だって、これが例えば日本だったら、熱狂的なファンが集まっているからといっても、上映中に立ち上がったり口笛吹いたり大声で叫んだり……こんなの、あり得ます?
まあ、確かに海外(国による)の映画館では、要所要所でそれぞれ笑ったりがっかりした声を出したり、日本の映画館よりはるかににぎやかだとは思います。
今回のこれも、海外ならではの設定ですね。
ただし、どんなに騒がしかったとしても、実際に人がめった刺しにされているのに誰も気づかないなんてことあるか……? とは、どうしても思ってしまいます。ここらへんは「スクリーム」ならではのご愛嬌というか、突っ込みどころというか。
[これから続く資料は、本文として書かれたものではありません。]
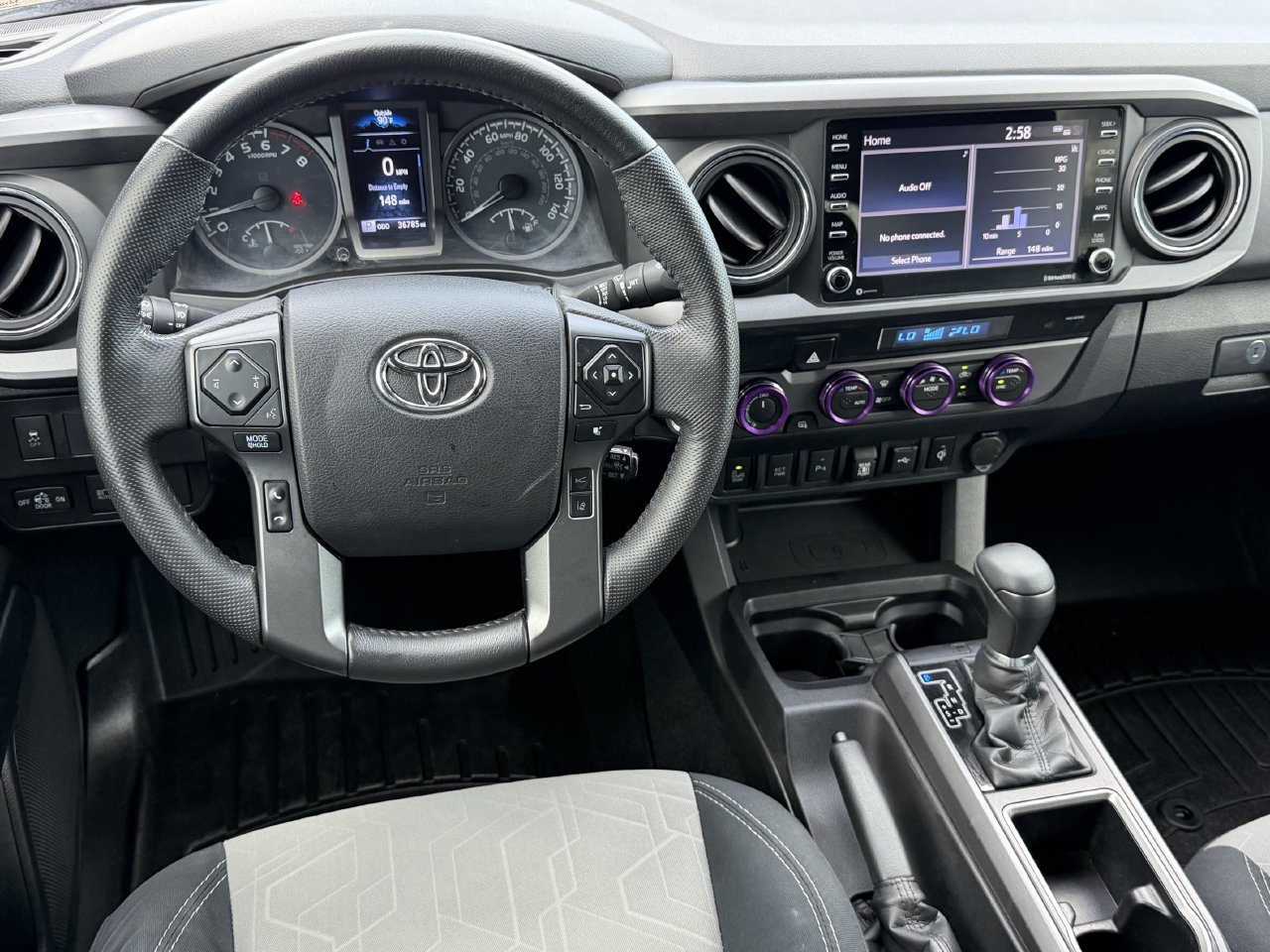 Used 2021 Toyota Tacoma TRD Off-Road w/ Technology Package AWD/4WD image 11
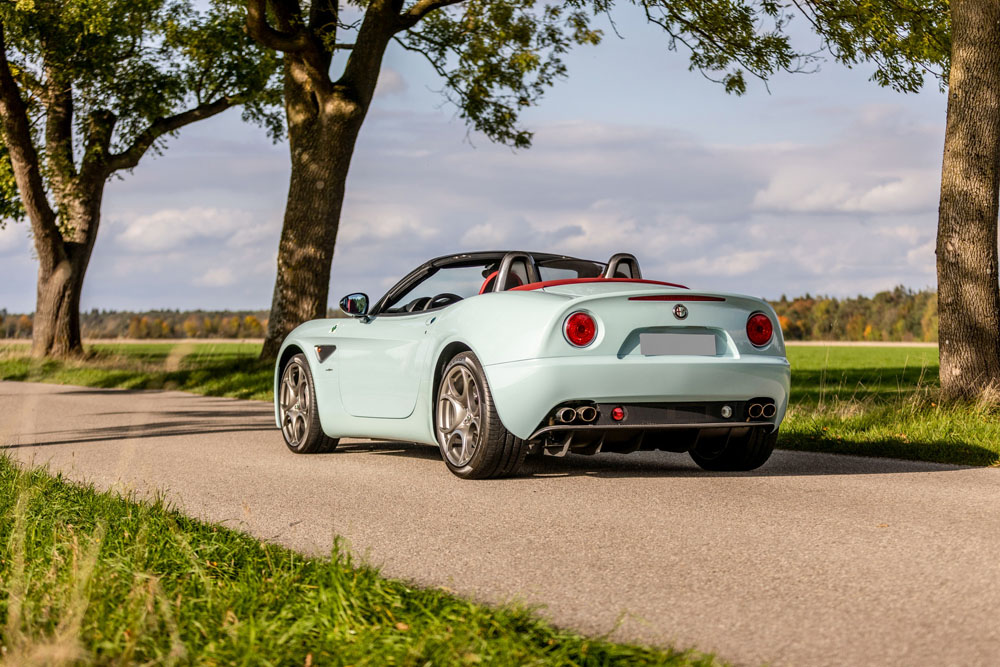 Un Alfa Romeo 8C Spider más raro que el resto está buscando hogar 1 Motor16 2010 Alfa Romeo 8C Spider RM Sotheby's. Imagen exterior.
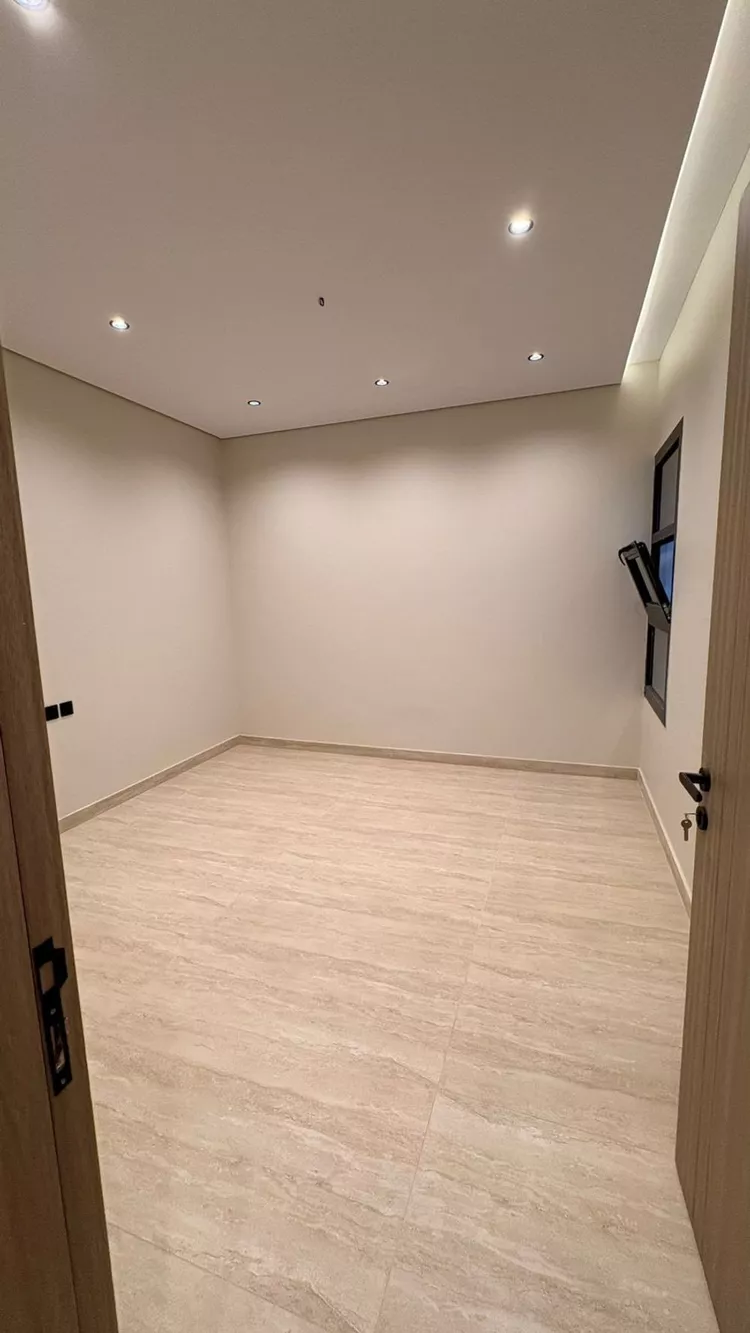 عمارة للبيع في شارع الحارث ابن جندب, حي شوران, مدينة المدينة المنورة, منطقة المدينة المنورة 7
大目に見ましょう。
映画「スクリーム2」が好きな人におすすめの作品
映画「スクリーム2」が好きな人には、以下の作品もおすすめです。
- サプライズ(2011)
- チャイルド・プレイ~チャッキーの狂気病棟~(2017)
- ハロウィン(1978)
- ハッピー・デス・デイ(2017)
まとめ:前作の雰囲気を完全に踏襲した良作
前作の「スクリーム」が好きなら、きっと気に入る作品です。
主人公は変わらずシドニー。こうも短期間で狙われるシドニー(しかもとばっちり)は可哀想ですが、あのか弱い少女のような姿から羽ばたき、どんどん強くなっていく様子を見守るのも醍醐味のひとつです。
負けるな、シドニー!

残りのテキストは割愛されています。